The American media called the decline of the digital market the name “Crypto Winter” as a synonym for the term “bear market” dedicated to the decline in the value of shares in the financial markets, and cited the reasons for the decline attributed to the rise in interest rates, indicators of inflation and fear of recession, but the reason that can not be measured and can not be ignored. It is also the capital market’s embrace of the new currency, which has led to its fate being linked to its own in a remarkable paradox, as it has basically presented itself as a guaranteed alternative to market mechanisms and a safe haven from inflation. and stagnation because it is not linked to central banks or government policies, and the facts have come to light that the traditional market is still capable of absorbing and adapting any developments. related to modern technologies, just as it absorbed and shattered the Internet bubble at the turn of the century, transforming the virtual space into tradable stocks and bonds subject to fluctuations, especially as the total value of digital currencies is no more than the value of some big companies like “Apple”, “Chase”, Aramco, Google, Tesla and Amazon.
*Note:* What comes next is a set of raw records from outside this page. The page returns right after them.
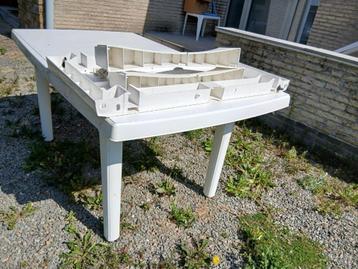 Feesttafel beschikbaar voor biedingen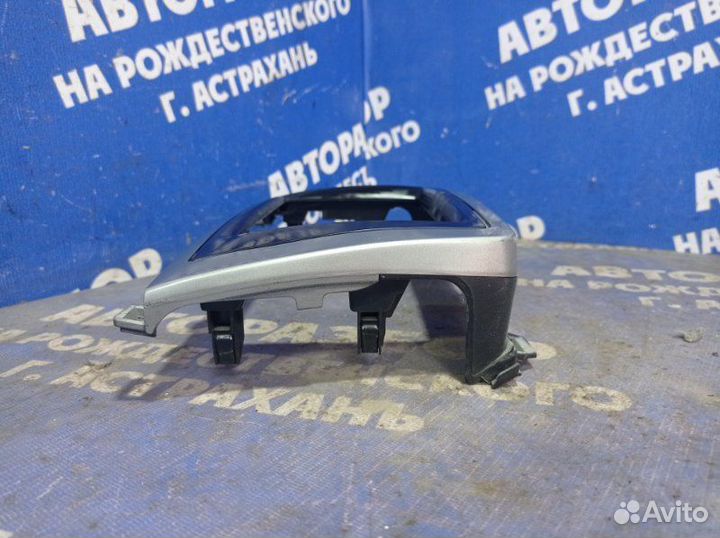 Рамка магнитолы Mazda 6 Gh седан L8 2008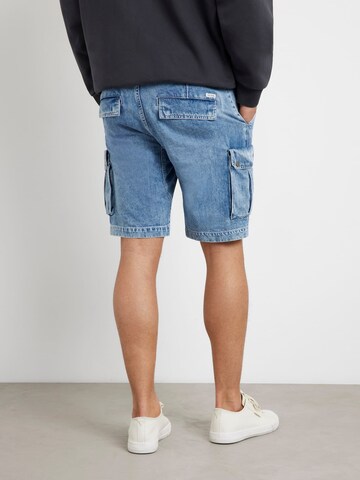 GUESS Regular Cargo Jeans in Blue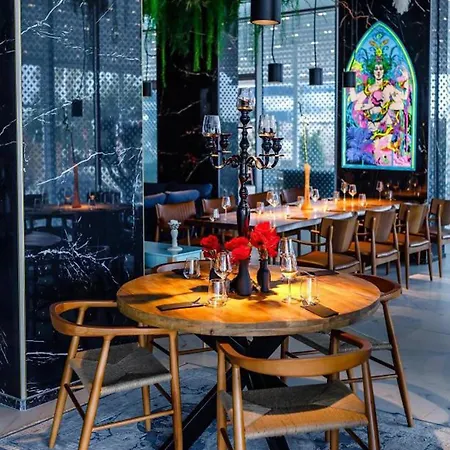 White Titanic-bluesky By Whitetitanic アパート *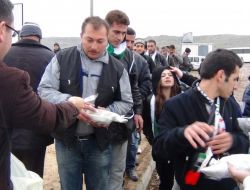 Özgür Suriye Kafilesi Kilis'e Kamp Kurdu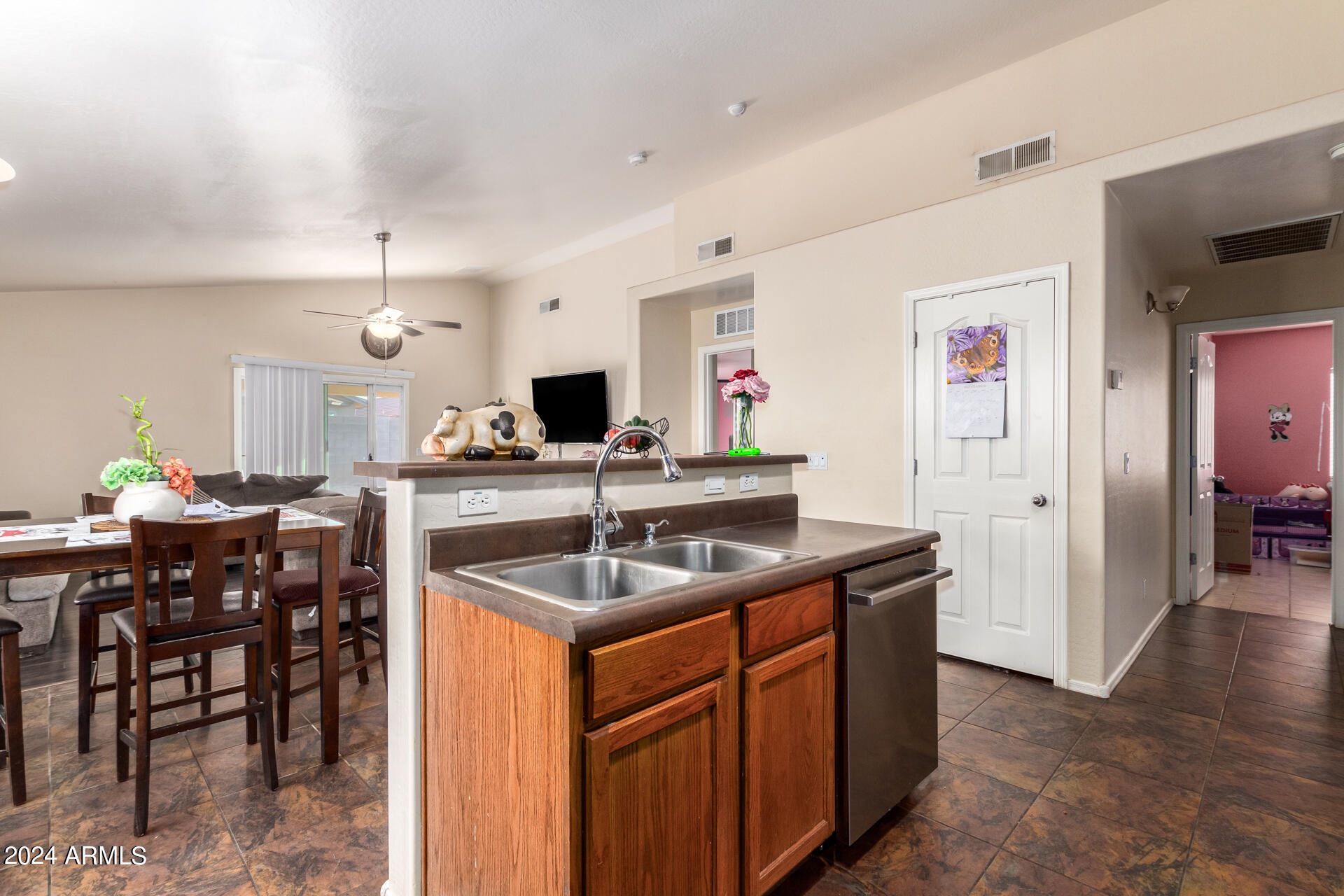 2717 West Pecan Road Phoenix, AZ 85041 - Photo 15 of 28 13 - Pecan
Financial analysts expect digital currencies to recover gradually, in parallel with the recovery of the stock market, and see that talk about the end of the digital experience has been misplaced and is nothing more than a deliberate exaggeration by some gambling investors who want to exhaust the new. currency more before buying it at cheap prices to make big profits. In addition, analysts agree that the opportunity now exists for the financial authorities in America, at least, to introduce provisions and regulations that sponsor trading in digital currencies and make investing in them less risky. It is true that the digital currency has recently entered intensive care, but it is not dying.